Listed entries below:

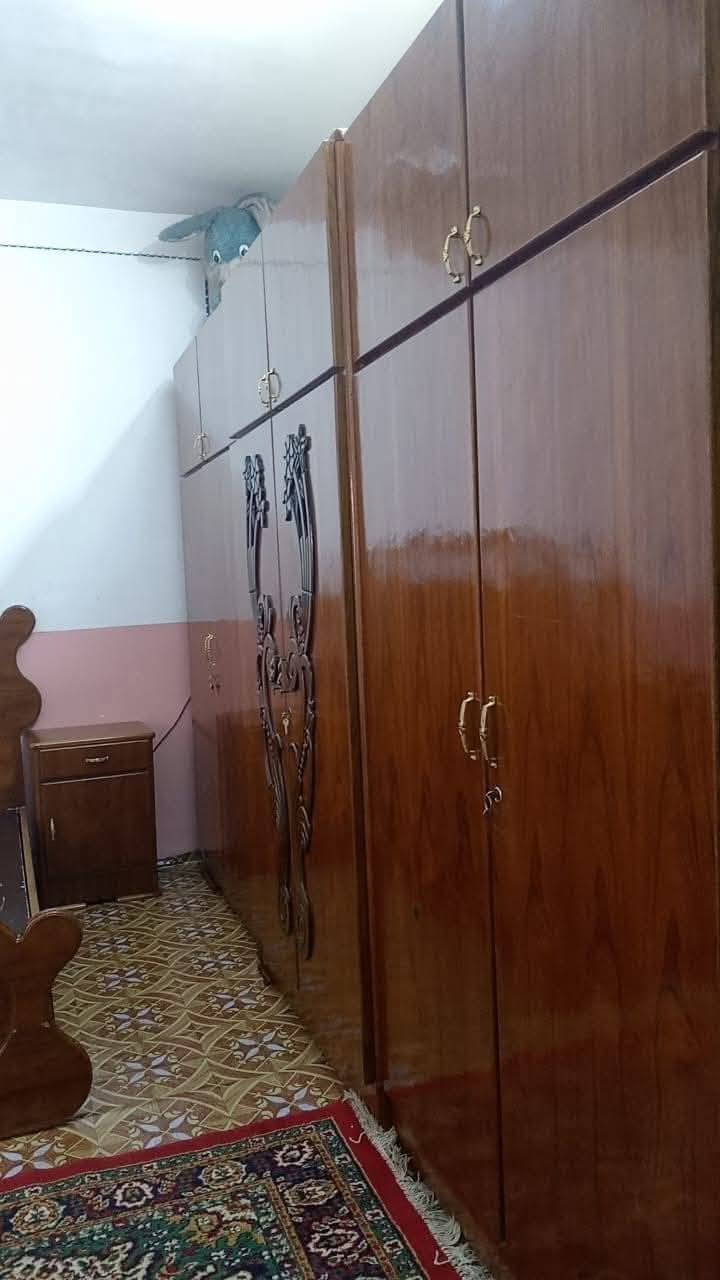 غرفه 6باب ملحق احطاطه
خشب صاج ايطالي نضيفه 
مكانها هبهب حي الشهداء قرب مدرسه اسد الله 
للاستفسار الاتصال ع ***********
***********
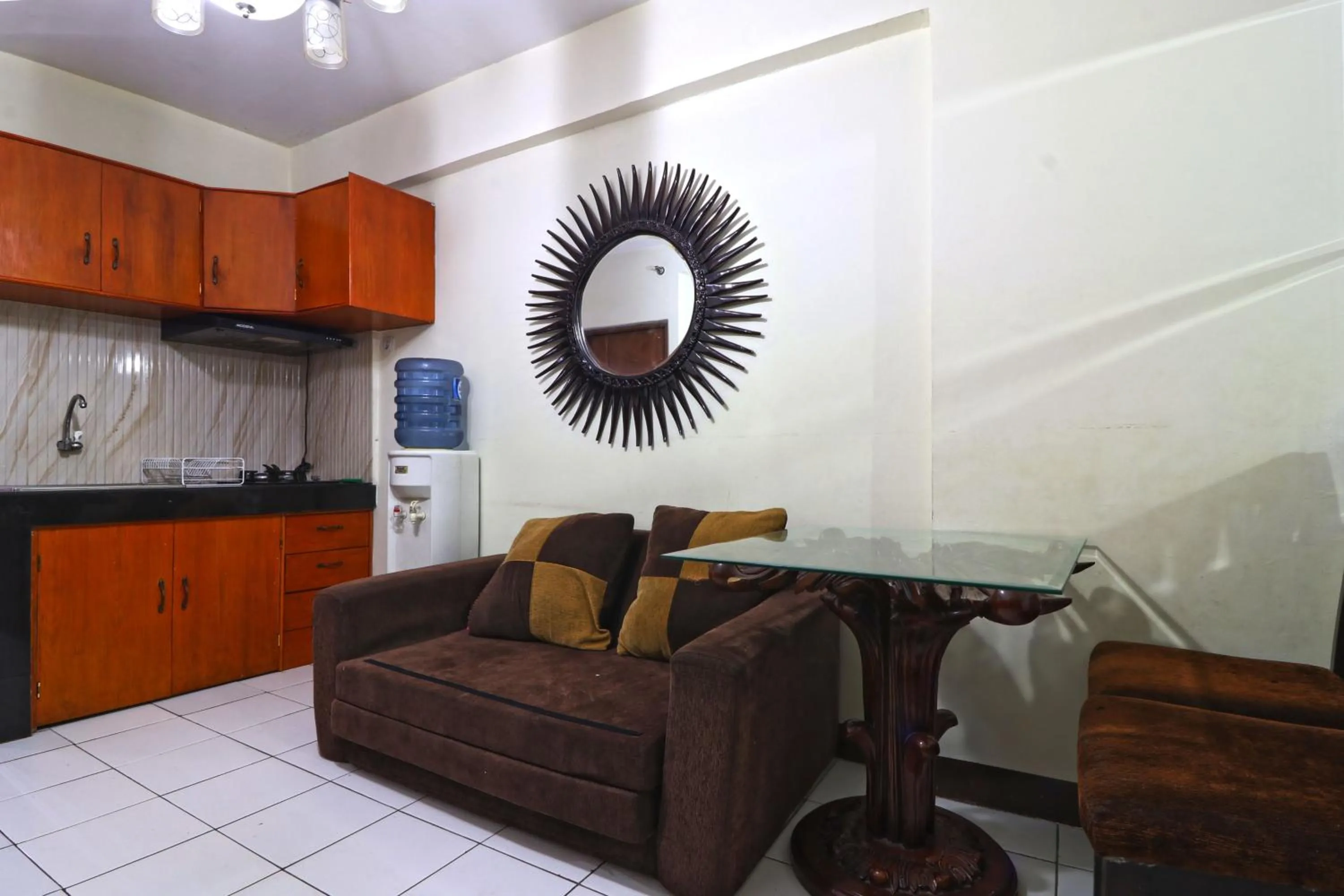 Living room in Inkubus Gateway Apartment Ahmad Yani by Ridwan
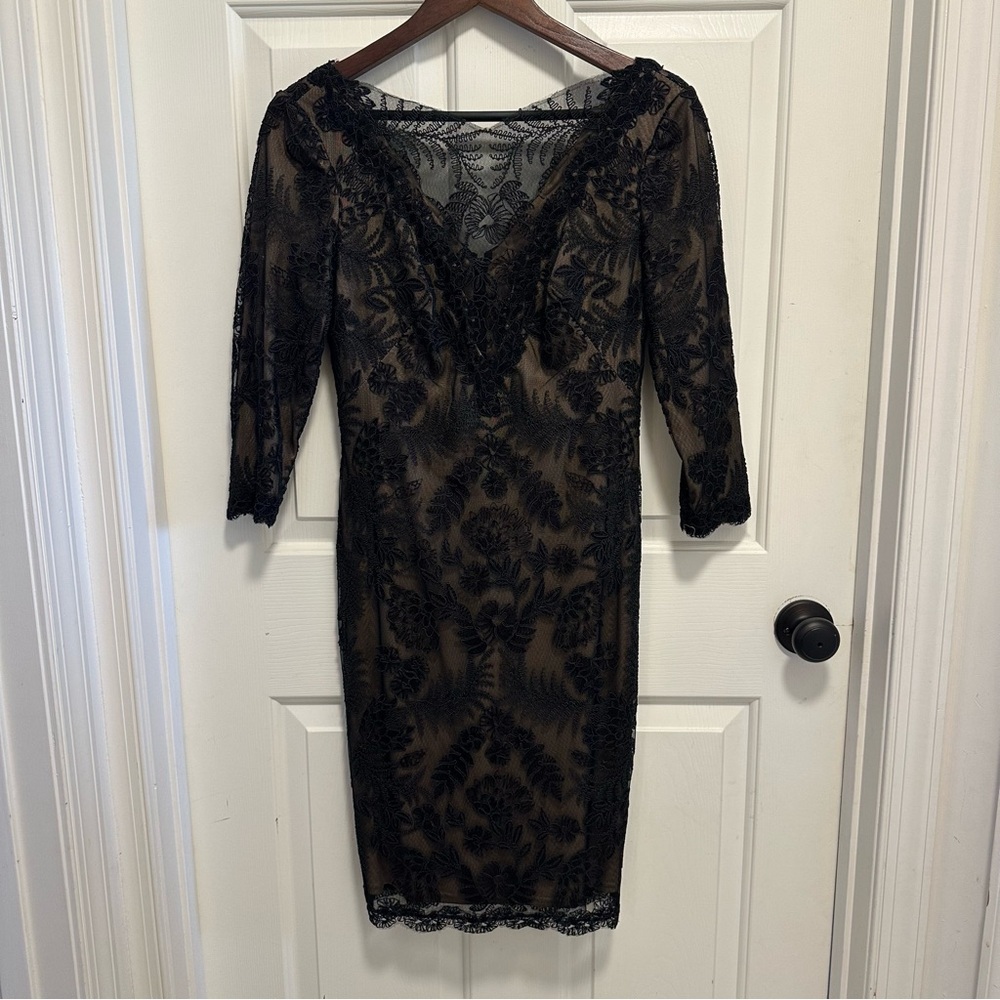 Tadashi Shoji Zuri Black Lace Illusion Sheath Dress Size 4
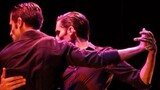 [Tarian] Tarian tango oleh dua pria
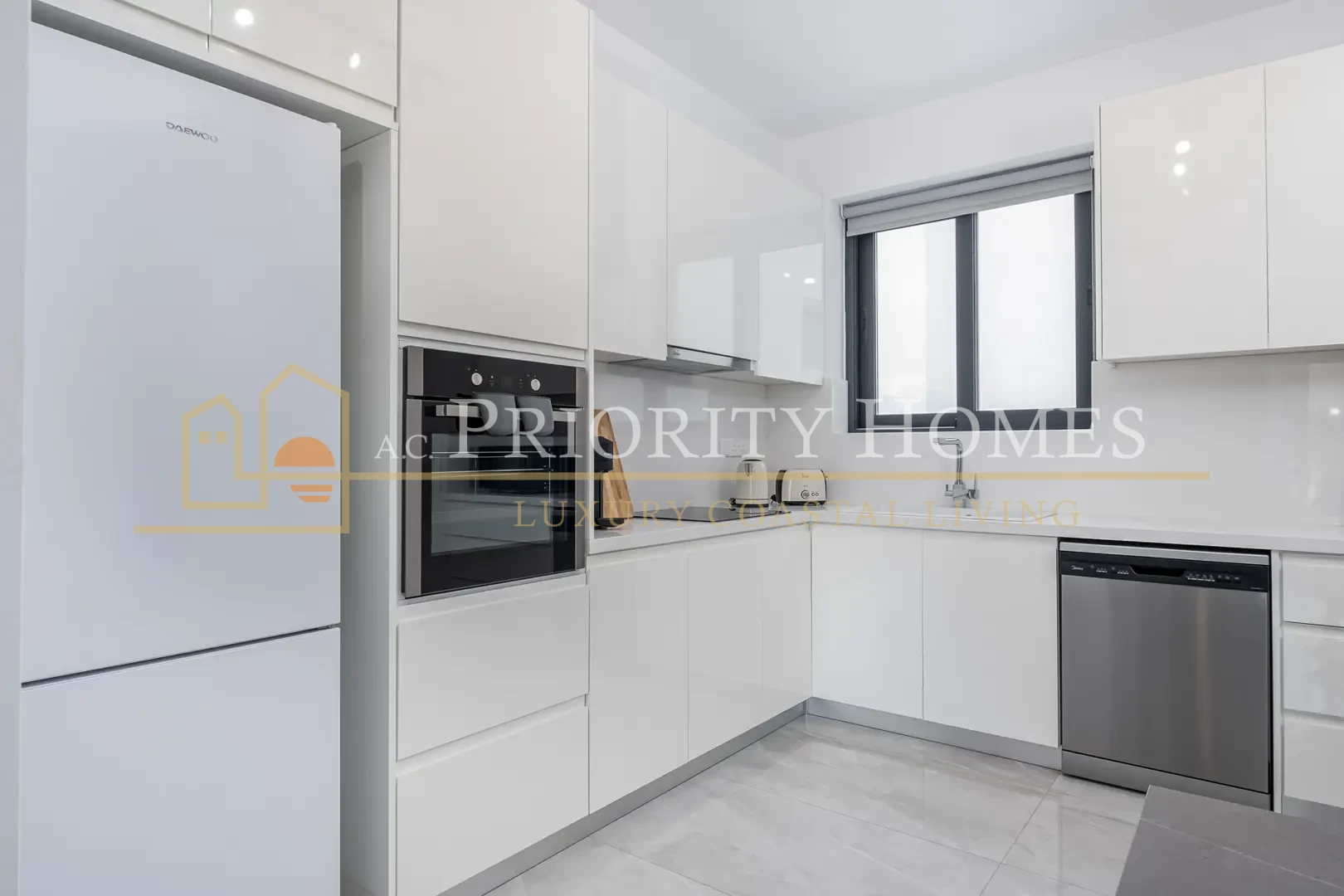 Two-Bedroom Apartment for Rent in Universal, Paphos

End of Listed entries.

Work item: Please repeat the lines above from the line containing "Living room in" through the final line, both included, exactly as they stand and without pictures.

The answer:
 Living room in Inkubus Gateway Apartment Ahmad Yani by Ridwan
 Tadashi Shoji Zuri Black Lace Illusion Sheath Dress Size 4
 [Tarian] Tarian tango oleh dua pria
 Two-Bedroom Apartment for Rent in Universal, Paphos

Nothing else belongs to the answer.